--- START ---

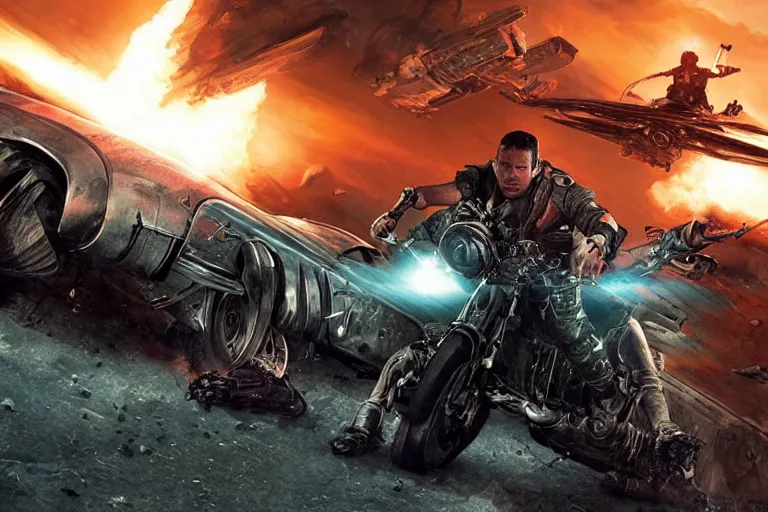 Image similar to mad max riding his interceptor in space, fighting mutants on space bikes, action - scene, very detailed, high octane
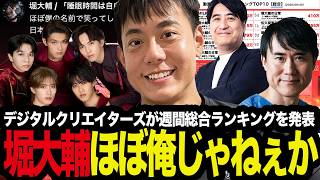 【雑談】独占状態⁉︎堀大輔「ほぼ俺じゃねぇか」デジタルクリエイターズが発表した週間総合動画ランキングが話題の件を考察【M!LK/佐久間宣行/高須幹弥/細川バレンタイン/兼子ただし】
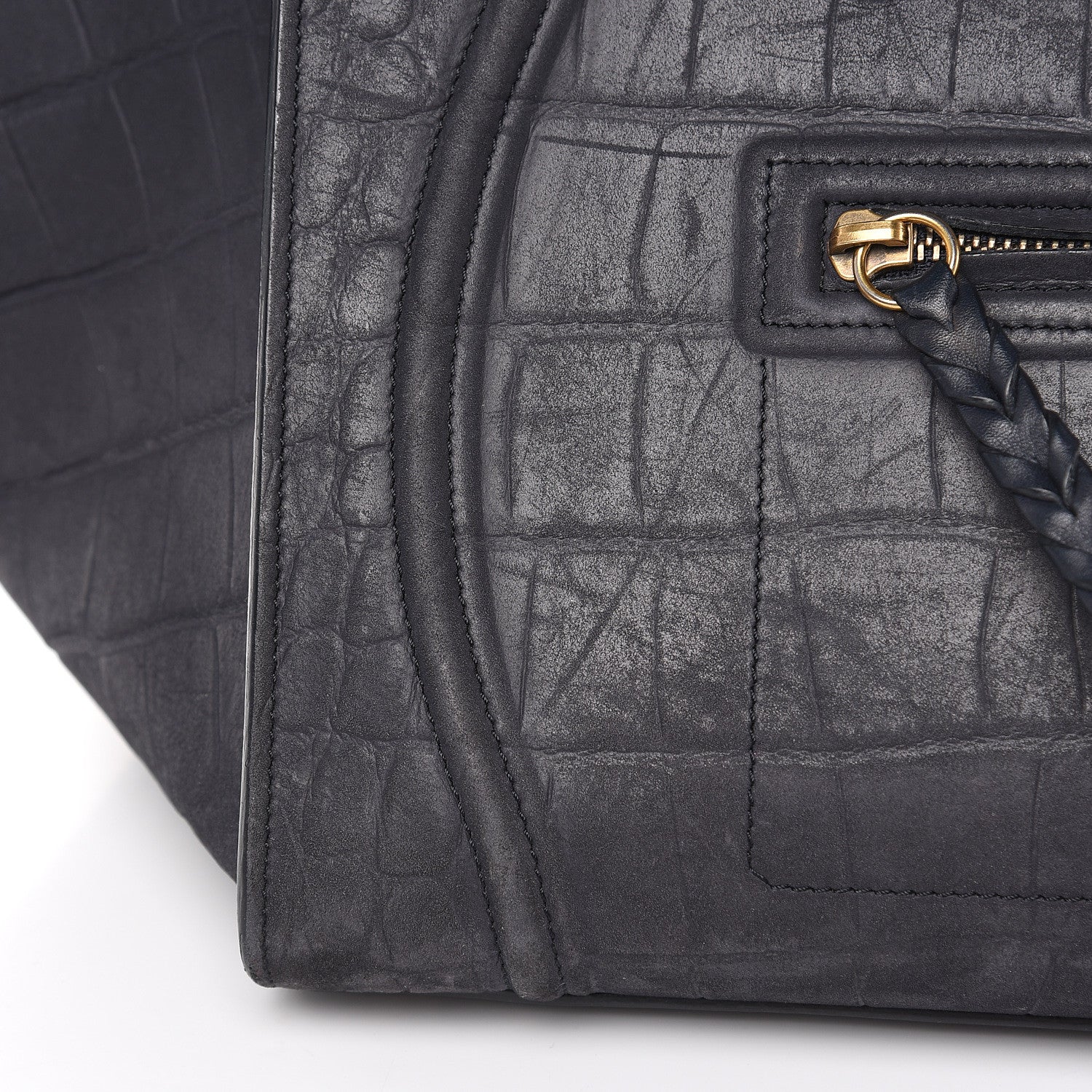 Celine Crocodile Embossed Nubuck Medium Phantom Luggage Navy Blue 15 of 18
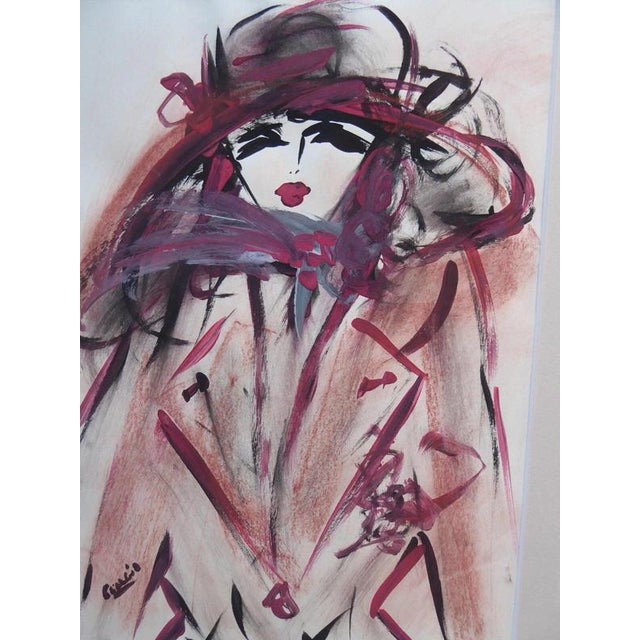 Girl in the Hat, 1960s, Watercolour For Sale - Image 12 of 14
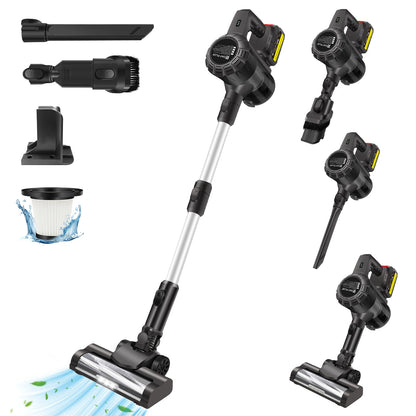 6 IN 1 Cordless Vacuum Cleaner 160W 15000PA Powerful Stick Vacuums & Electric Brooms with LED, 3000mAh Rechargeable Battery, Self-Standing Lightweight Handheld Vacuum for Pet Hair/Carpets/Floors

--- END ---

Exercise details: Every line above must appear in the answer unchanged, and no picture may appear in it.

Written answer:
 Image similar to mad max riding his interceptor in space, fighting mutants on space bikes, action - scene, very detailed, high octane
 【雑談】独占状態⁉︎堀大輔「ほぼ俺じゃねぇか」デジタルクリエイターズが発表した週間総合動画ランキングが話題の件を考察【M!LK/佐久間宣行/高須幹弥/細川バレンタイン/兼子ただし】
 Celine Crocodile Embossed Nubuck Medium Phantom Luggage Navy Blue 15 of 18
 Girl in the Hat, 1960s, Watercolour For Sale - Image 12 of 14
 6 IN 1 Cordless Vacuum Cleaner 160W 15000PA Powerful Stick Vacuums & Electric Brooms with LED, 3000mAh Rechargeable Battery, Self-Standing Lightweight Handheld Vacuum for Pet Hair/Carpets/Floors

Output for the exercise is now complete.